> [Dataset extract]:
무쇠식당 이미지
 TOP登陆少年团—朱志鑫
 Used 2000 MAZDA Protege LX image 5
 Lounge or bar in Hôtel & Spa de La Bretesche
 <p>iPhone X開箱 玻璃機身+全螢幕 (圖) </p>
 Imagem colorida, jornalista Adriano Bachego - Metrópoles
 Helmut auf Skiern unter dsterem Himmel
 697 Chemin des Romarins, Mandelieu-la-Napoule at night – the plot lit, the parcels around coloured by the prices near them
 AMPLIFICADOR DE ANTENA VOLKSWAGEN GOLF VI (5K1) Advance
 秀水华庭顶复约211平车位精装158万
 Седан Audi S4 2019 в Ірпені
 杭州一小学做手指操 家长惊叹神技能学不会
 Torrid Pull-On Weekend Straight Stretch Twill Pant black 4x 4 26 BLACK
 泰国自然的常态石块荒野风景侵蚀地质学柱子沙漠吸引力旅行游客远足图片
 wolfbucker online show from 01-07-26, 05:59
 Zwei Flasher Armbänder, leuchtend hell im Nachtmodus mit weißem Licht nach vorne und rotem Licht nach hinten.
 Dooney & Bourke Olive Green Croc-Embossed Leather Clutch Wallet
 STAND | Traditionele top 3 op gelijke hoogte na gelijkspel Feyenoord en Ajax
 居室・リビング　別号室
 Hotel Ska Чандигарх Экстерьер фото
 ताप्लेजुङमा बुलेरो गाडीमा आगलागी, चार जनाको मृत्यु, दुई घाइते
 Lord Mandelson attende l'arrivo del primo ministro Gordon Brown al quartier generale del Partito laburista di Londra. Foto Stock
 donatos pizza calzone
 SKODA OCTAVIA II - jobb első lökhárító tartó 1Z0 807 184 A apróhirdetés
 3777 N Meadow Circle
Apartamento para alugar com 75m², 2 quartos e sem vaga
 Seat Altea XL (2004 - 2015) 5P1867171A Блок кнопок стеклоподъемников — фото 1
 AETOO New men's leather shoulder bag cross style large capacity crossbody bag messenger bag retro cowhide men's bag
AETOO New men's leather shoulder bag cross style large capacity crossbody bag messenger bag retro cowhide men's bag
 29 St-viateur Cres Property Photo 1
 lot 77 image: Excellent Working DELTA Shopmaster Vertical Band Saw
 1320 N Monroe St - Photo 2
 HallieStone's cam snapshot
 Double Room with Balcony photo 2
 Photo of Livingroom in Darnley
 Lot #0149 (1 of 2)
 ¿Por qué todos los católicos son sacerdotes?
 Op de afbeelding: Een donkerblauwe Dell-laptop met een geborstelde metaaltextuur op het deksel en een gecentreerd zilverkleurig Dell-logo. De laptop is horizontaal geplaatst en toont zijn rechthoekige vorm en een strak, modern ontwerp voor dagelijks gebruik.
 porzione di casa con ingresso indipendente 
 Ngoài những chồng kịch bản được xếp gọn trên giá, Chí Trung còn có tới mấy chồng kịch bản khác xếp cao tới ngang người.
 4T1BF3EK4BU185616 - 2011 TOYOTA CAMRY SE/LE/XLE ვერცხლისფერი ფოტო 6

> [Task brief]: Everything starting at the line containing "697 Chemin des" and ending at the line containing "居室・リビング　別号室" in the records above should be repeated exactly, and only that.

> [Response to the task]:
 697 Chemin des Romarins, Mandelieu-la-Napoule at night – the plot lit, the parcels around coloured by the prices near them
 AMPLIFICADOR DE ANTENA VOLKSWAGEN GOLF VI (5K1) Advance
 秀水华庭顶复约211平车位精装158万
 Седан Audi S4 2019 в Ірпені
 杭州一小学做手指操 家长惊叹神技能学不会
 Torrid Pull-On Weekend Straight Stretch Twill Pant black 4x 4 26 BLACK
 泰国自然的常态石块荒野风景侵蚀地质学柱子沙漠吸引力旅行游客远足图片
 wolfbucker online show from 01-07-26, 05:59
 Zwei Flasher Armbänder, leuchtend hell im Nachtmodus mit weißem Licht nach vorne und rotem Licht nach hinten.
 Dooney & Bourke Olive Green Croc-Embossed Leather Clutch Wallet
 STAND | Traditionele top 3 op gelijke hoogte na gelijkspel Feyenoord en Ajax
 居室・リビング　別号室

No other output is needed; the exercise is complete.